CVE Vulnerabilities

CVE-2024-27163

Cleartext Transmission of Sensitive Information

Published: Jun 14, 2024 | Modified: Jul 04, 2024
CVSS 3.x
N/A
Source:
NVD
CVSS 2.x
RedHat/V2
RedHat/V3
Ubuntu

Toshiba printers will display the password of the admin user in clear-text and additional passwords when sending 2 specific HTTP requests to the internal API. An attacker stealing the cookie of an admin or abusing a XSS vulnerability can recover this password in clear-text and compromise the printer. This vulnerability can be executed in combination with other vulnerabilities and difficult to execute alone. So, the CVSS score for this vulnerability alone is lower than the score listed in the Base Score of this vulnerability. For detail on related other vulnerabilities, please ask to the below contact point. https://www.toshibatec.com/contacts/products/ As for the affected products/models/versions, see the reference URL.

Weakness

The product transmits sensitive or security-critical data in cleartext in a communication channel that can be sniffed by unauthorized actors.

Extended Description

Many communication channels can be “sniffed” (monitored) by adversaries during data transmission. For example, in networking, packets can traverse many intermediary nodes from the source to the destination, whether across the internet, an internal network, the cloud, etc. Some actors might have privileged access to a network interface or any link along the channel, such as a router, but they might not be authorized to collect the underlying data. As a result, network traffic could be sniffed by adversaries, spilling security-critical data. Applicable communication channels are not limited to software products. Applicable channels include hardware-specific technologies such as internal hardware networks and external debug channels, supporting remote JTAG debugging.
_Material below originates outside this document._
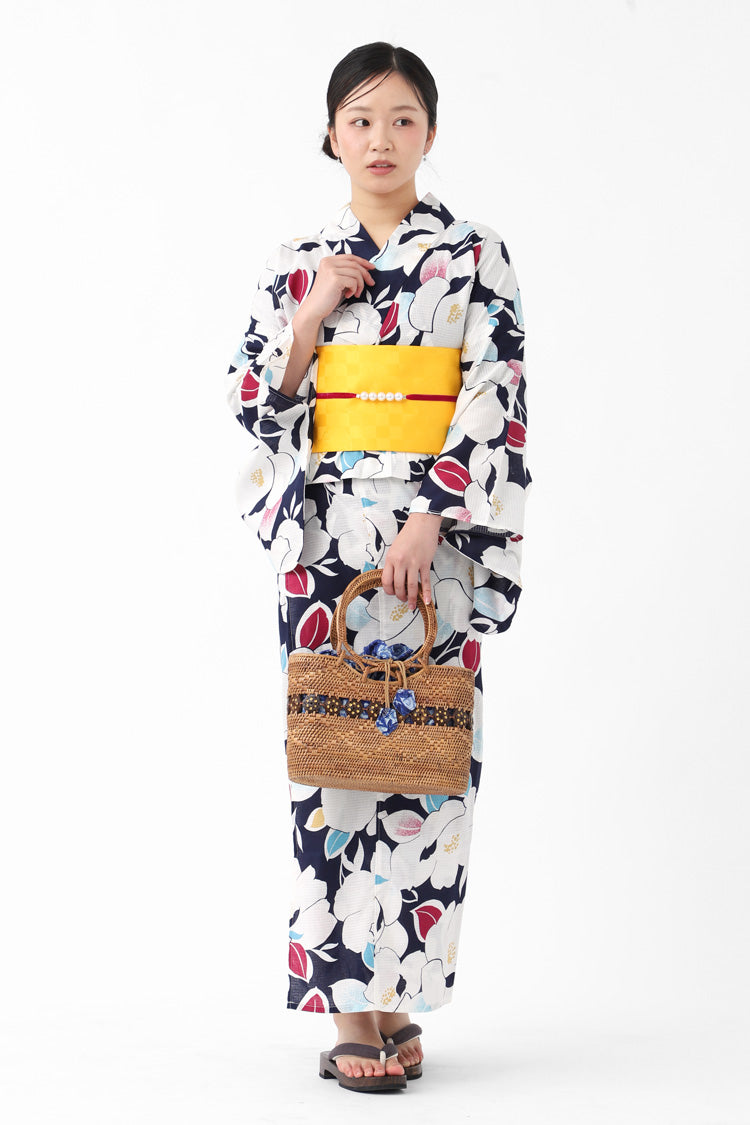 二部式浴衣 作り帯 2点 セット セパレートタイプ 簡単 着付け 【 2025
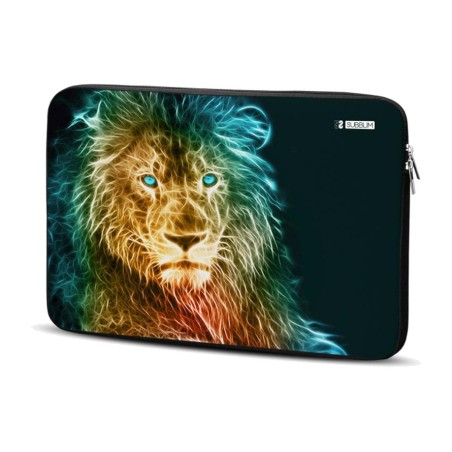funda de neopreno con diseño de leones para portátil de 13,3 a 14 pulgadas trendy-sleeve neo-leon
When mitigations are not applied to combat adversaries within the product’s threat model, this weakness significantly lowers the difficulty of exploitation by such adversaries. When full communications are recorded or logged, such as with a packet dump, an adversary could attempt to obtain the dump long after the transmission has occurred and try to “sniff” the cleartext from the recorded communications in the dump itself.